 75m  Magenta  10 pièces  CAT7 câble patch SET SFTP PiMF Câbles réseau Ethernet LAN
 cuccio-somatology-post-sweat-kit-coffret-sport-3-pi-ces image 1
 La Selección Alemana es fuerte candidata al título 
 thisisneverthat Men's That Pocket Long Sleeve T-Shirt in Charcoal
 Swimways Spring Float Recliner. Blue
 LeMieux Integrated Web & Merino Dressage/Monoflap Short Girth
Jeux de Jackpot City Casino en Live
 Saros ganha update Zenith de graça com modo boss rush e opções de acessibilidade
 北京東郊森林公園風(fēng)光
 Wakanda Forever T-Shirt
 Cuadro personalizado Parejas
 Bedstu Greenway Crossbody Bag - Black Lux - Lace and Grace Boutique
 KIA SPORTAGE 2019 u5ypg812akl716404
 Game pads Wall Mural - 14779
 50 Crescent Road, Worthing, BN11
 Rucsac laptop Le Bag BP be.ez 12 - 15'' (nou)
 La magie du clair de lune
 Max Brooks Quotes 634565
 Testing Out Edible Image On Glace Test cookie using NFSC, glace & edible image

★ ★ ★

▸ **EXERCISE REQUIREMENTS**
An exact copy of every record is needed, so retype them all.

▸ **ANSWER FOR THE TASK**
 75m  Magenta  10 pièces  CAT7 câble patch SET SFTP PiMF Câbles réseau Ethernet LAN
 cuccio-somatology-post-sweat-kit-coffret-sport-3-pi-ces image 1
 La Selección Alemana es fuerte candidata al título 
 thisisneverthat Men's That Pocket Long Sleeve T-Shirt in Charcoal
 Swimways Spring Float Recliner. Blue
 LeMieux Integrated Web & Merino Dressage/Monoflap Short Girth
Jeux de Jackpot City Casino en Live
 Saros ganha update Zenith de graça com modo boss rush e opções de acessibilidade
 北京東郊森林公園風(fēng)光
 Wakanda Forever T-Shirt
 Cuadro personalizado Parejas
 Bedstu Greenway Crossbody Bag - Black Lux - Lace and Grace Boutique
 KIA SPORTAGE 2019 u5ypg812akl716404
 Game pads Wall Mural - 14779
 50 Crescent Road, Worthing, BN11
 Rucsac laptop Le Bag BP be.ez 12 - 15'' (nou)
 La magie du clair de lune
 Max Brooks Quotes 634565
 Testing Out Edible Image On Glace Test cookie using NFSC, glace & edible image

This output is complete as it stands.